The Secure Federal File Sharing Act bans recreational use of P2P software on all federal computers, computer systems and networks including those belonging to government contractors.

The U.S. House of Representatives approved legislation March 25 that would place greater restrictions on the use of open network P2P software on all federal computers.

The Secure Federal File Sharing Act (H.R. 4098) makes important progress toward banning the recreational use of P2P software on all federal computers, computer systems and networks including those belonging to government contractors. The bill would also require the OMB (Office of Management and Budget) to approve legitimate uses of P2P software on a case-by-case basis and provide to Congress annually a list of agencies that are using P2P software and the intended purposes for using the software. 

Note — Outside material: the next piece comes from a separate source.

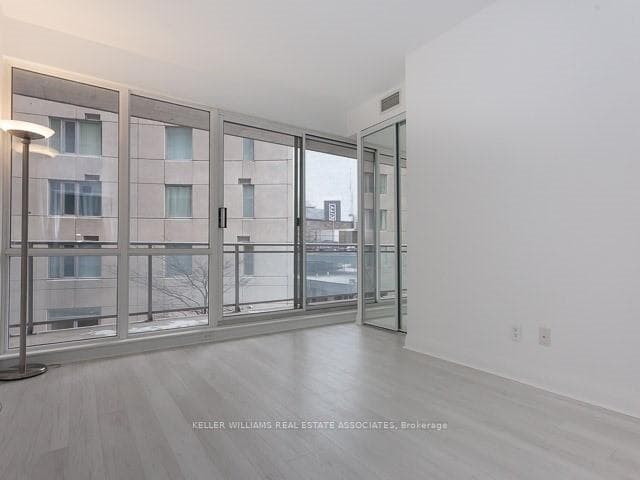 220 Victoria Street Unit 707 photo 12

On March 4, the Oversight Committee passed H.R. 4098 and sent it to the House floor for a final vote. The bill now moves to the Senate.

"We can no longer ignore the threat to sensitive government information, businesses and consumers that insecure peer-to-peer networks pose," bill sponsor Rep. Ed Towns (D-NY), said in a statement. "Securing federal computer files is critical to our national security. Congress acted today to protect the American people by helping to prevent inadvertent security breaches on insecure networks."

In 2009, several security breaches involving highly sensitive information were discovered and in some cases widely reported by the news media. The leaks included a list of ongoing House Ethics Committee investigations, the wiring schematics for the "Marine One" helicopter that were downloaded in Iran and the release of sensitive information about U.S. military programs and troops.

"While I understand that peer-to-peer file sharing software offers great potential, the security risks of open network use on federal computers and systems far exceed that potential," said Towns.  "Because of our actions today, important safeguards are now in place to protect sensitive government information."